#### DATA SEGMENT ####
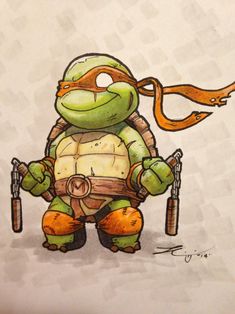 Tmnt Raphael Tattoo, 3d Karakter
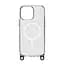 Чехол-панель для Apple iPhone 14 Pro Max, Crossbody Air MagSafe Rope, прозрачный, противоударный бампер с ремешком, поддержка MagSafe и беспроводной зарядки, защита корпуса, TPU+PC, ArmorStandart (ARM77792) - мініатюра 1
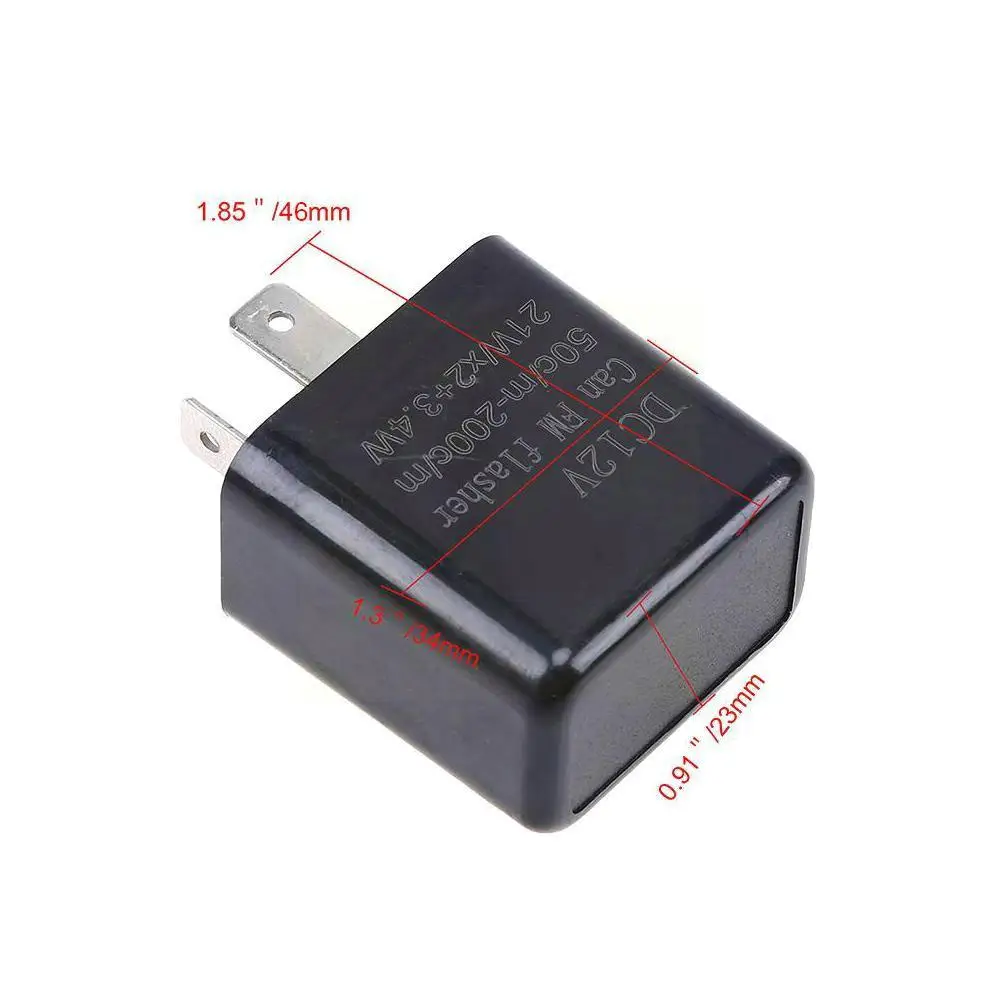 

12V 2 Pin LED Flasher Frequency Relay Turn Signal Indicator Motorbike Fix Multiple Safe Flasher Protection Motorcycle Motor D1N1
####
--- WHAT TO PRODUCE ---
An exact transcription of the data above is needed, without the pictures.

--- RESPONSE TO THIS EXERCISE ---
 Tmnt Raphael Tattoo, 3d Karakter
 Чехол-панель для Apple iPhone 14 Pro Max, Crossbody Air MagSafe Rope, прозрачный, противоударный бампер с ремешком, поддержка MagSafe и беспроводной зарядки, защита корпуса, TPU+PC, ArmorStandart (ARM77792) - мініатюра 1

12V 2 Pin LED Flasher Frequency Relay Turn Signal Indicator Motorbike Fix Multiple Safe Flasher Protection Motorcycle Motor D1N1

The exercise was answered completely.